Emperors of the animal kingdom! Blue Planet producer’s photographs showcase the world’s biggest penguin – which can grow more than 4ft tall
- Former BBC Blue Planet associate producer Sue Flood has ventured to Antarctica more than 20 times
- The photographer said that the emperor penguins seemed ‘so much larger’ than she’d originally imagined
- Temperatures in the extreme south can reach -50 degrees Celsius, so Flood must wrap up while working
Waddling across a frozen desert, a waddle of emperor penguins seemingly strike a pose for the camera.

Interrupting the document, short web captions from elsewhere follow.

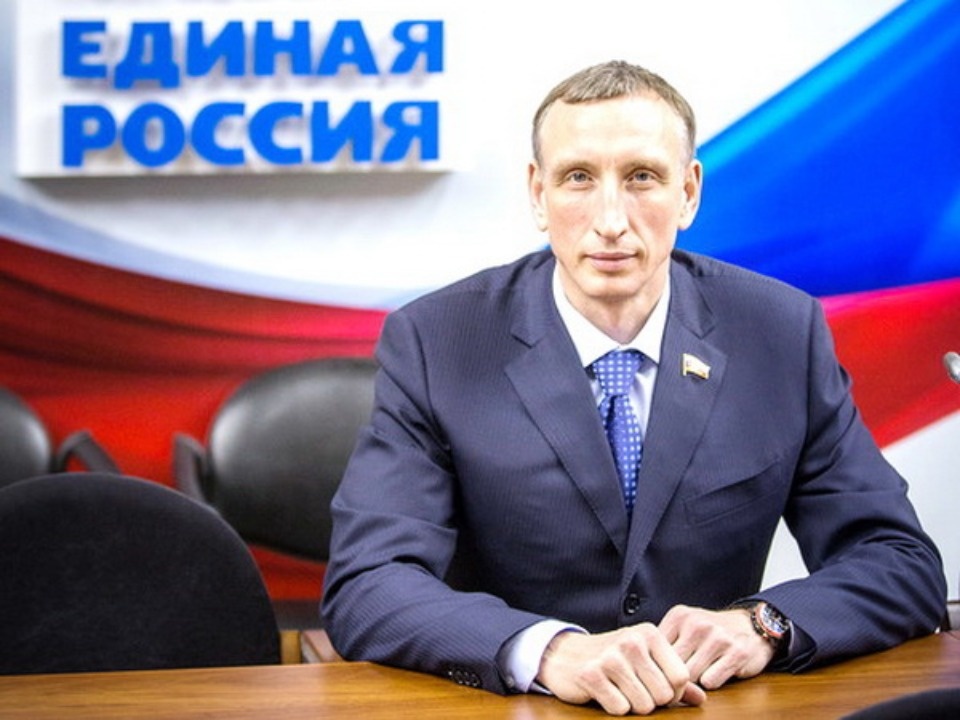 Равноудаленные вирусом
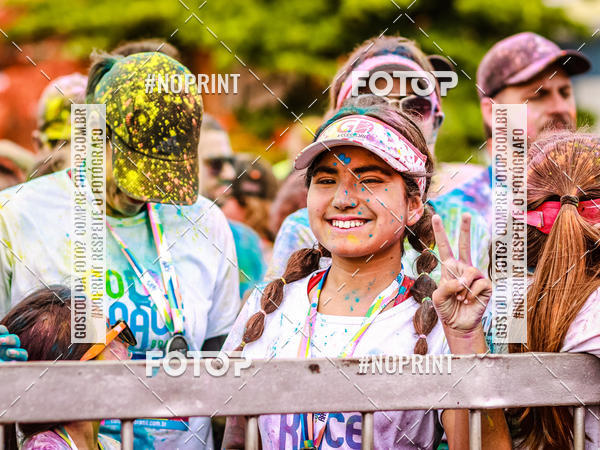 Buy your photos of the eventColor Race Brasil - Florianpolis on Fotop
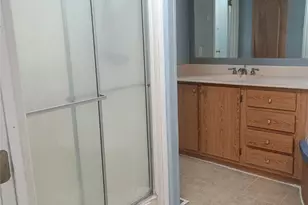 134 Dogwood Dr, Magnolia, TX 77375 - Photo 9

This is just one of the stunning images captured by former BBC Blue Planet associate producer Sue Flood, who has ventured to Antarctica more than 20 times in a bid to capture the world’s largest species of penguin in action.
In her new photography book, titled Emperor: The Perfect Penguin, Flood, who is based in north Wales and aged 53, explains that emperors seemed ‘so much larger’ than she’d originally imagined when she first encountered them and ‘so perfectly beautiful’.
Since her first meeting with the magnificent birds – which can grow more than 4ft tall – Flood has made the feathered giants one of her main focuses.
She explains that working in such a hostile environment where temperatures can reach -50 degrees Celsius is no easy feat, and she often sits for hours bundled up in two layers of thermal underwear, a mid-layer, padded trousers, a jacket, a top layer, thick-soled boots and protective snow goggles.
Over the years she has accumulated a volume of awe-inspiring photographs, so scroll down to take a peak at what keeps her so entranced with the creatures in the stark wilderness of the extreme south…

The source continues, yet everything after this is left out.